Hash output isn't stable across runs

The digest is deterministic given the same algorithm, digest_length, and input text. The label is not part of the digest — but it is templated into the output wrapper (default format_template="<HASH_{label}_{digest}>"). So:

  • Digest differs across runs: the detected entity text changed (whitespace, casing, surrounding context). Check the <your_text_column>_with_spans column to confirm.
  • Only the wrapper differs (digest is the same, but e.g. <HASH_FIRST_NAME_abc> becomes <HASH_NAME_abc>): the label changed between runs. The digest is still stable; only the wrapper text moved. To avoid label drift in the output, set format_template="<HASH_{digest}>" to drop the label entirely.
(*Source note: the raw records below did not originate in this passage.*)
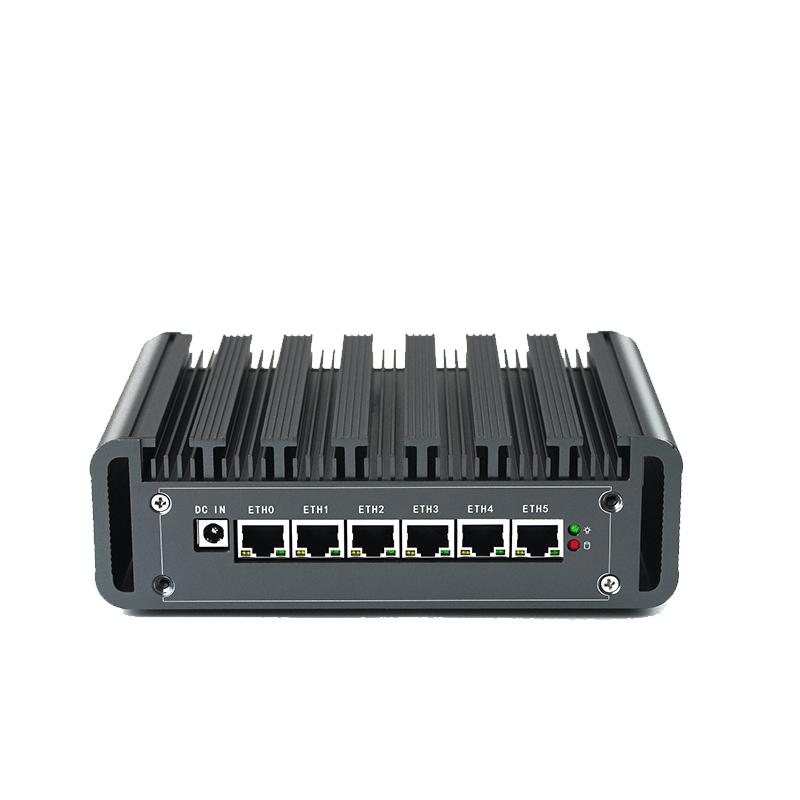 3865U工控机i7-8550U软路由i3i5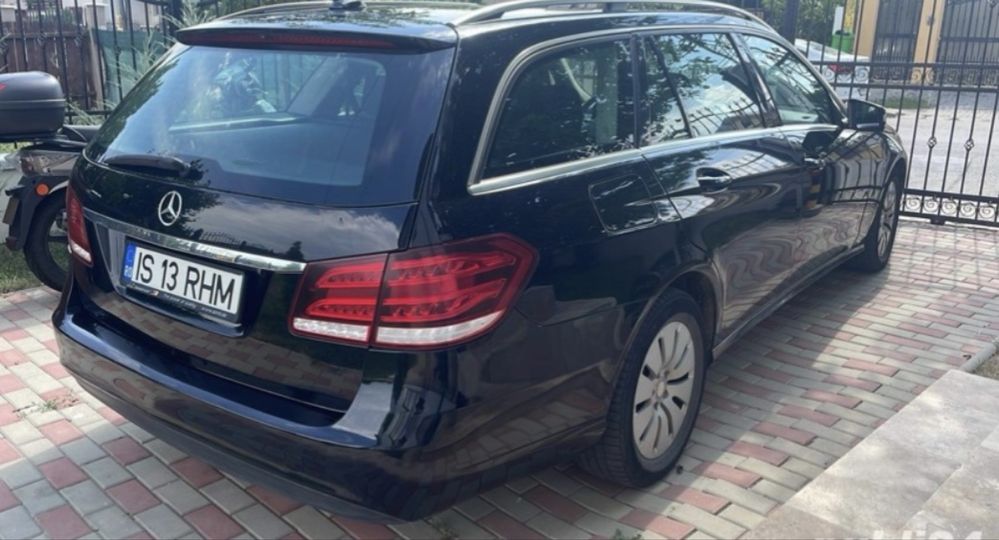 Vand Mercedes E Class 2016 - diesel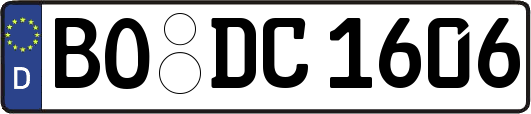 BO-DC1606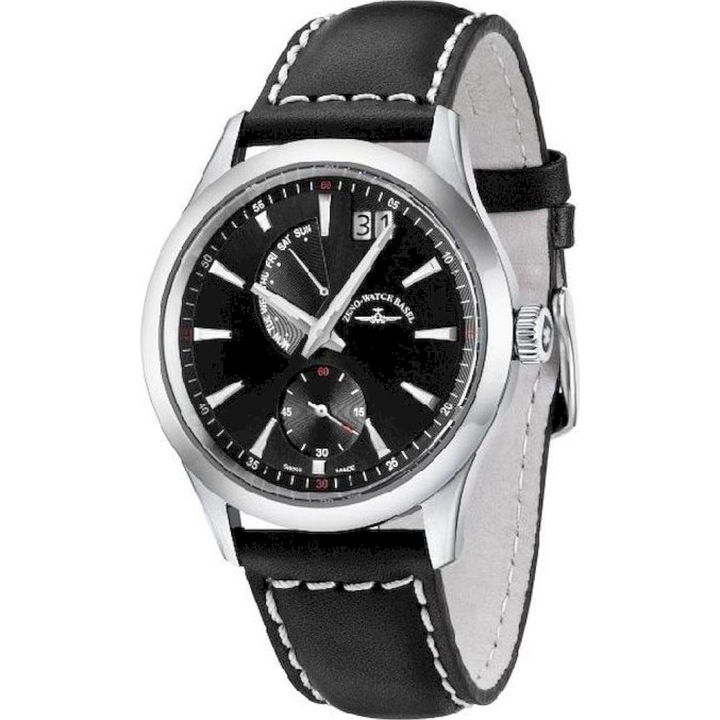 Férfi karóra, Zeno-Watch, 6662-7004Q-g1, fekete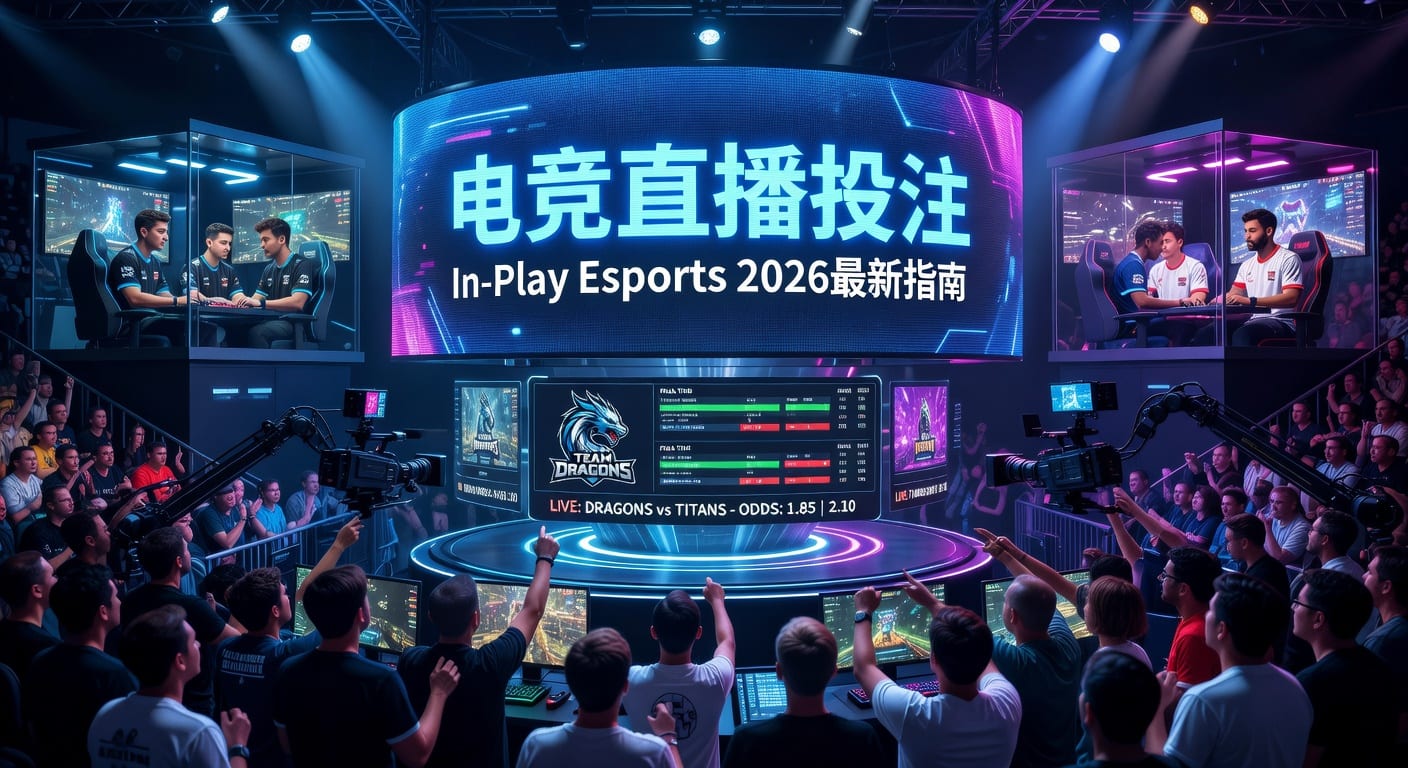 电竞直播投注 In-Play Esports：资深分析师带你玩转实时竞猜新体验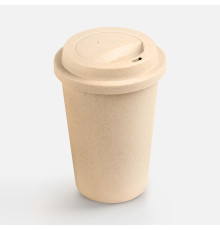 Стакан с крышкой Hot Dot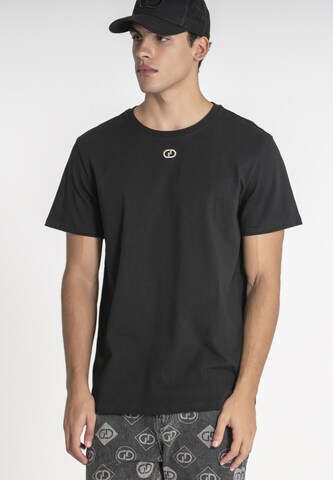 Gianni Kavanagh Shirt in Schwarz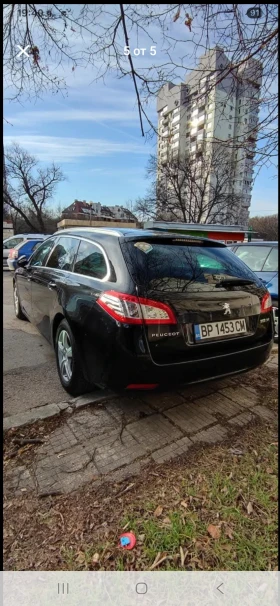 Обява за продажба на Peugeot 508 ~7 600 лв. - изображение 4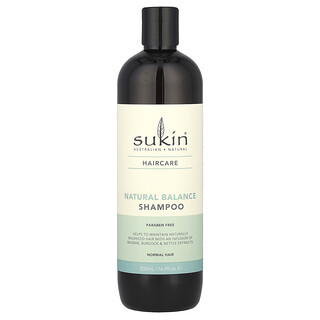 Sukin, Natural Balance Shampoo, Normal Hair , 16.9 fl oz (500 ml)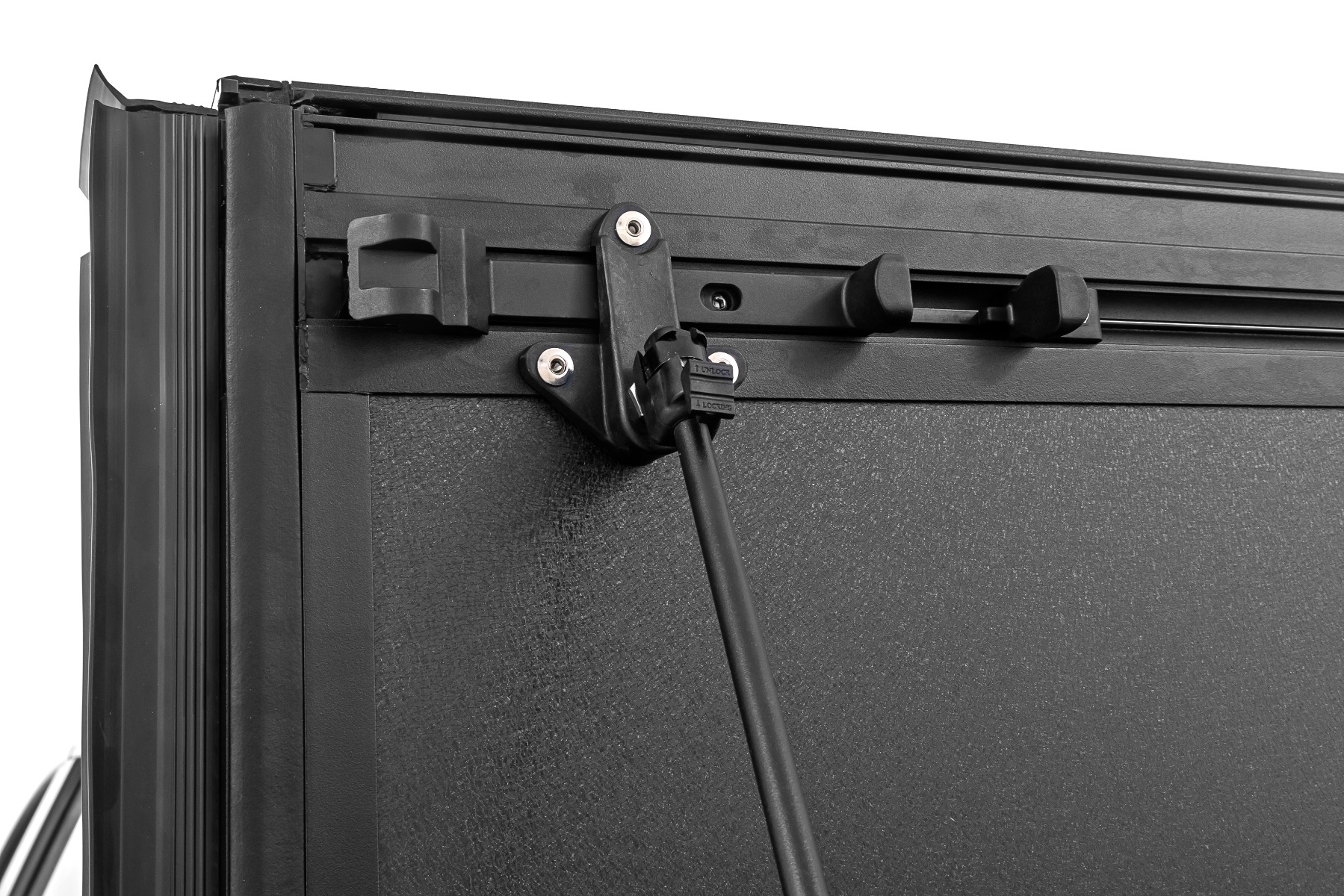 Rough Country Hard Tri-Fold Flip Up Bed Cover 49520551A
Validation passed but preview errors at LLM call

Configuration is structurally valid but a runtime model call failed. Check:

  1. The provider for the model alias has an API key set in your environment.
  2. The base URL is reachable (corporate VPN / proxy).
  3. The model alias actually exists at the provider — anonymizer validate checks the alias is in your config; it doesn't dial out to confirm the model is live.